STANDARD: Wo orten Sie Defizite?

Frauenberger: Wir stehen im internationalen Vergleich gut da, aber bei Menschenrechten kann man den Zenit nie erreichen. Was den Gewaltschutz betrifft, gibt es noch Luft nach oben. Auch die Frage der Partizipation ist eine große Herausforderung für uns: 24 Prozent der wahlfähigen Wiener Bevölkerung sind nicht wahlberechtigt. Ein weiteres Thema ist Chancengerechtigkeit in der Bildung.

STANDARD: In Wien gibt es immer noch Sonderschulen. Passt das mit dem Menschenrechtsanspruch zusammen?

Frauenberger: Es wäre ein Problem, wenn Kinder mit Migrationshintergrund automatisch in Sonderpädagogischen Zentren landen. Hier gibt es andere Fördermaßnahmen. Das kann aber noch ausgebaut werden. Die einzige Lösung ist die gemeinsame Schule der 10- bis 14-Jährigen. Hier kann man wirklich schauen: Wo haben die Kinder ihre Stärken, ihre Schwächen?

STANDARD: Ziel müsste demnach die Abschaffung der Sonderschulen sein?

Frauenberger: Das ist zu kurz gegriffen. Grundsätzlich ist Inklusion und inklusiven Ansätzen der Vorzug zu geben. Sonderpädagogische Zentren haben derzeit aber eine Berechtigung.
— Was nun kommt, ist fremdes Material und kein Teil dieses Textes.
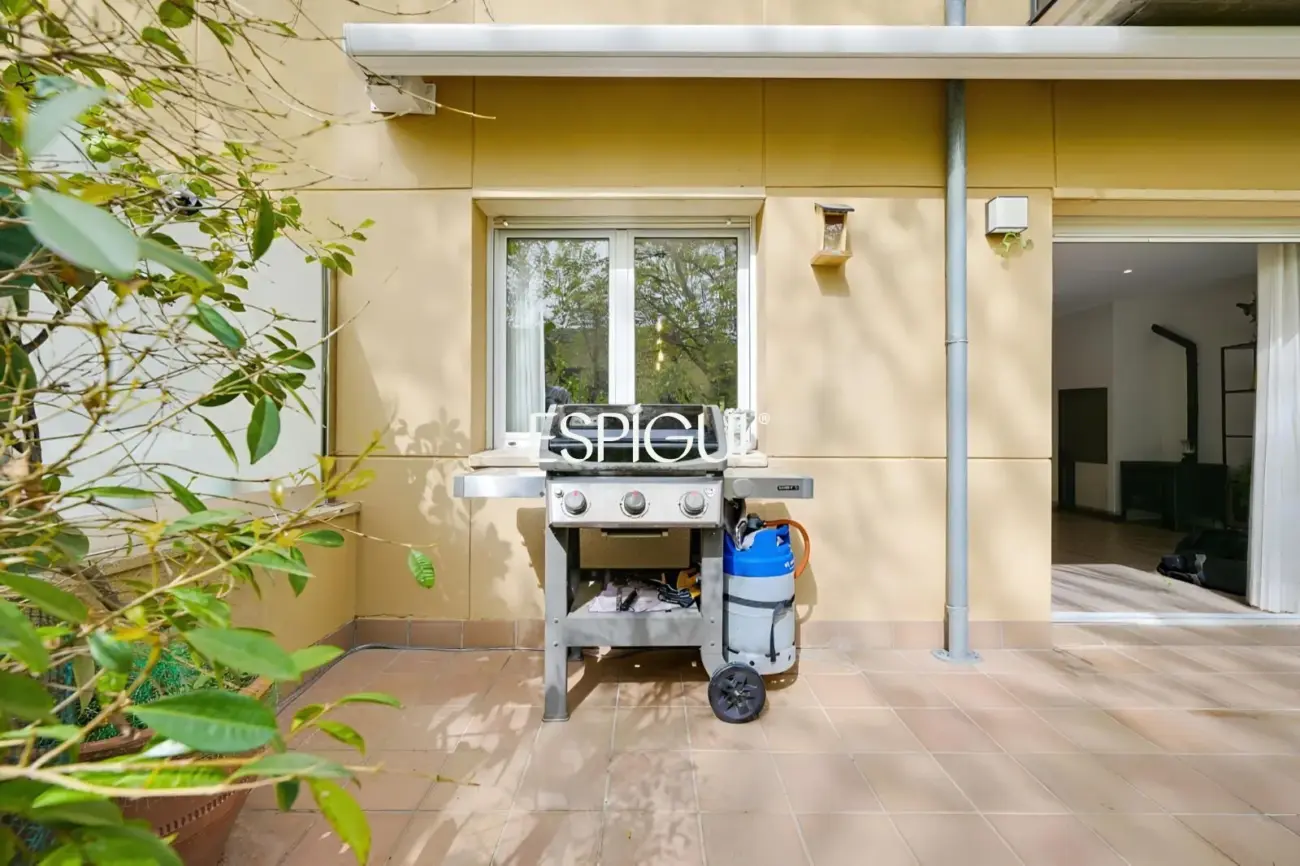 Appartement rénové avec terrasse à S&rsquo;Agaró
Wenn Kinder massive körperliche oder geistige Behinderungen haben, werden sie dort sehr gut betreut. Der Begriff Sonderschule ist der falsche.

STANDARD: Der Menschenrechtsansatz soll in der Stadtverwaltung Einzug finden. Wie wird das organisiert?

Frauenberger: Wir werden in allen Abteilungen an der Menschenrechtsbildung arbeiten, um auch die Mitarbeiterinnen und Mitarbeiter dafür zu sensibilisieren.

STANDARD: Sind Sanktionen geplant, wenn es Verletzungen gibt?

Frauenberger: Nein, aber ob Gendermainstreaming oder das Thema des frauengerechten Bauens: Wir haben überall Managementinstrumente entworfen, die in der Stadt State of the Art sind.

STANDARD: Zum Wahlrecht für Ausländer: Was ist Ihre Forderung?

Frauenberger: Nicht-EU-Bürgern das Wahlrecht zu geben ist für mich auch eine Haltungsfrage. Wir haben Bezirke, wo über dreißig Prozent nicht wählen dürfen. Wir kriegen schon langsam ein demokratiepolitisches Problem. Bei der Wahlrechtsreform wünsche ich mir einen Vorstoß in diese Richtung.

STANDARD: Bei Rot-Grün gibt es aber Streitereien wegen der Mandatsverteilung.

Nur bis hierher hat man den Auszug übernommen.